Guide Name: An old New Town
Guide Location: Scotland » Edinburgh
Guide Type: Self-guided Walking Tour (Article (A))
# of Attractions: 12
Tour Duration: 1.0 Hour(s)
Travel Distance: 4.2 Km or 2.6 Miles
Author: lisa pettersson
Author Bio: I was born in Sweden 1976 but moved to the UK in 1995 and have remained here since. I have with my husband Mike, from Wales, also spent nearly 3 years in Asia: traveling, working and writing. We are currently based in Edinburgh, where I work as an artist and graphic designer, and also write occasional travel related articles. We both still enjoy traveling and spend much of our free time abroad.
Sight(s) Featured in This Guide:
  • Edinburgh Castle
  • The Mound
  • The National Gallery of Scotland
  • The Royal Scottish Academy
  • Princes Street
  • Princes Street gardens
  • Charlotte Square
  • George Street
  • St Andrew Square
  • The National Portrait Gallery
  • Scott Monument
  • Calton Hill
Edinburgh Castle

1) Edinburgh Castle

Edinburgh’s Old Town and the castle by which you stand dates back to medieval times. In the 17th century however the Old Town had become so overcrowded and filled with crime, filth and disease that something drastic needed to be done to release pressure on the city and convince its wealthier inhabitants not to abandon Scotland all together.

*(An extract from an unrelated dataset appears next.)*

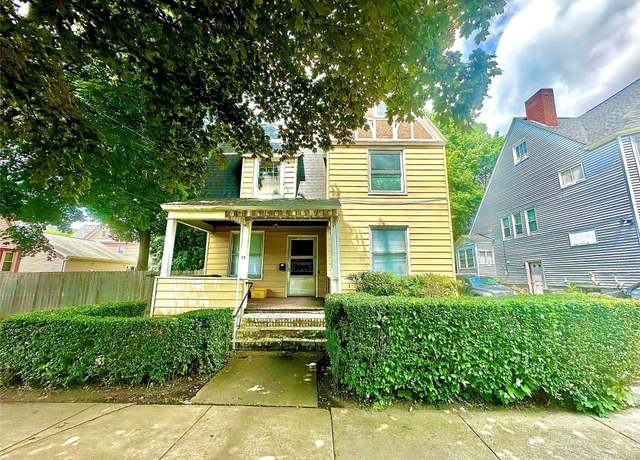Property at 15 Crandall St, Binghamton, NY 13905, 4 beds, 1 bath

A ‘New Town’ was proposed by King James VII at the end of the 17th century. It was the age of the Scottish enlightenment and the city needed architecture and buildings to reflect this. Thus 26 year old James Craig was appointed with the enormous task of planning and designing the farmland area north of the existing city, the result often being referred to as a masterpiece of city planning.

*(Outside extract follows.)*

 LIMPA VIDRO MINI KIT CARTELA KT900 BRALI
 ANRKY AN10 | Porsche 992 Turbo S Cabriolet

The rich subsequently moved north, into the splendid Georgian residencies of New Town, leaving the poor in Old Town.

Here at the very top of the city, on the castle esplanade, you should, unless that famous Scottish ‘haar’ has rolled in, have terrific views over the city and be able to get an idea of the medieval architecture surrounding the castle here in Edinburgh’s Old Town, and the contrasting Georgian buildings and straight streets of New Town as you look north.

You will have a chance to appreciate Edinburgh’s skyline again later, as we end our tour on Carlton Hill, which you can see northeast from here. Firstly though, we will take the steep decent from the castle to the piece of artificial land below which joins the Old and the New Town, called The Mound.
The Mound

2) The Mound

As the foundations and planning of the New Town started to take shape, crossings were needed over the cesspit which today is unrecognisable as the lush Princes Street gardens. To the east of where you stand you can see the pale blue North Bridge, a first version of which was in place by 1772. But a tailor who lived in the Old Town found himself with clients in New Town before the bridge was completed, and in order to service them he began to lay down rocks and planks to step on. The crossing was briefly called ‘Georgie Boyd’s mud brig’ after him.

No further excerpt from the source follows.